Proof It is a standard fact that the product of two closed cofibrations is again a closed cofibration. $\quad\blacksquare$

Lemma 3 The inclusion $\{e\}\times\{e\}\hookrightarrow X\times X$ is a closed cofibration.

Proof Since $X$ is a CW complex, $X^2$ is perfectly normal and locally contractible. Thus the methods here can be applied. $\quad\blacksquare$

With the preliminaries out of the way let us begin. We are given a map $\mu:X\times X\rightarrow X$ and homotopies $F^l_t:\mu(-,e)\simeq id_X$ and $F^r_t:\mu(e,-)\simeq id_X$.

Lemma We may assume that $\mu(e,e)=e$.

Proof If this is not already true then choose a path $\lambda:I\rightarrow X$ from $\lambda(0)=\mu(e,e)$ and $\lambda(1)=e$. Such a path always exists (for instance, one may be extracted from either of the homotopies $F^l_t,F^r_t$). Viewing $\lambda$ as a homotopy apply Lemma 3 to find a homotopy $G:\mu\simeq\mu'$ where $\mu'(e,e)=e$. We obtain homotopies ${F^l_t}':\mu'(-,e)\simeq id_X$ and ${F^l_t}':\mu'(e,-)\simeq id_X$ by forming composite homotopies of $F^l_t,F^r_t$ with $G$. $\qquad\blacksquare$

Lemma We may assume that $F^l_t(e)=e$ and $F^r_t(e)=e$ for all $t\in I$.

Proof The proof of this is quite long. It is a special case of the proposition on pg.46 of May's book A Concise Course in Algebraic Topology. $\quad\blacksquare$

At this stage we have replaced $\mu$ with a pointed map and the homotopies $F^l_t,F^r_t$ with pointed homotopies. Because they are pointed, the homotopies assemble to give a homotopy $$F:\mu\circ j\simeq \nabla:X\vee X\rightarrow X$$ which restricts to $F^l$, resp. $F^r$ on the left, resp. right wedge summands.
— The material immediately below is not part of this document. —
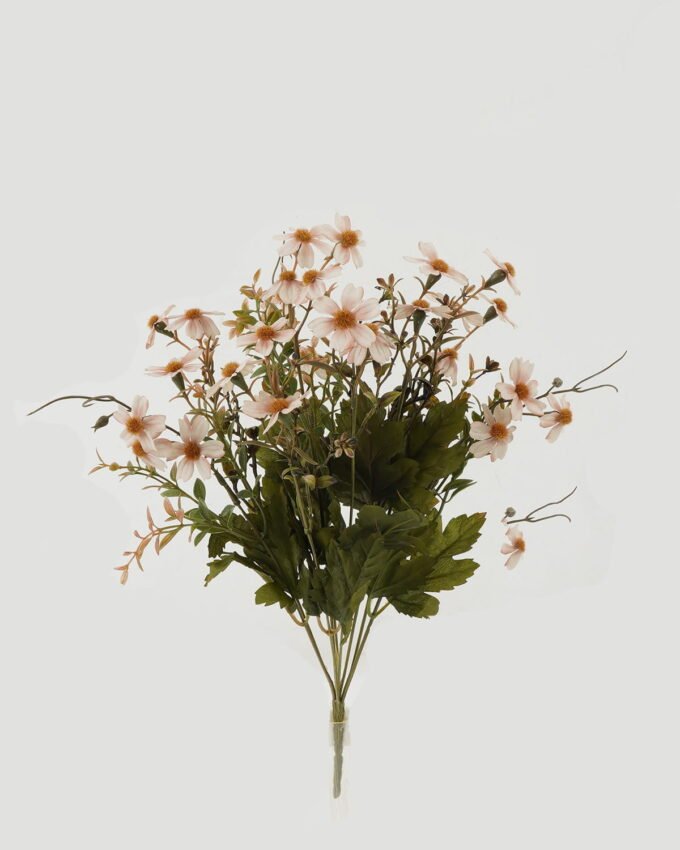 Artificial Flower 28*28*41cm Chrysanthemum *9 bush GS-16822092-K1 Flowers Bush YeahFlower is one of Chinese leading OEM manufacturers and exporters , supplying the silk flowers, wholesale artificial trees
Now use Lemma 2 to apply the HEP for $j$ to the homotopy $F$. This gives a homotopy $G:X\times X\times I\rightarrow X$ starting at $\mu$ and ending at some map $\tilde\mu:X\times X\rightarrow X$ which satisfies $\tilde\mu\circ j=\nabla$ strictly. That is, $\tilde\mu(x,e)=x=\tilde\mu(e,x)$ for each $x\in X$.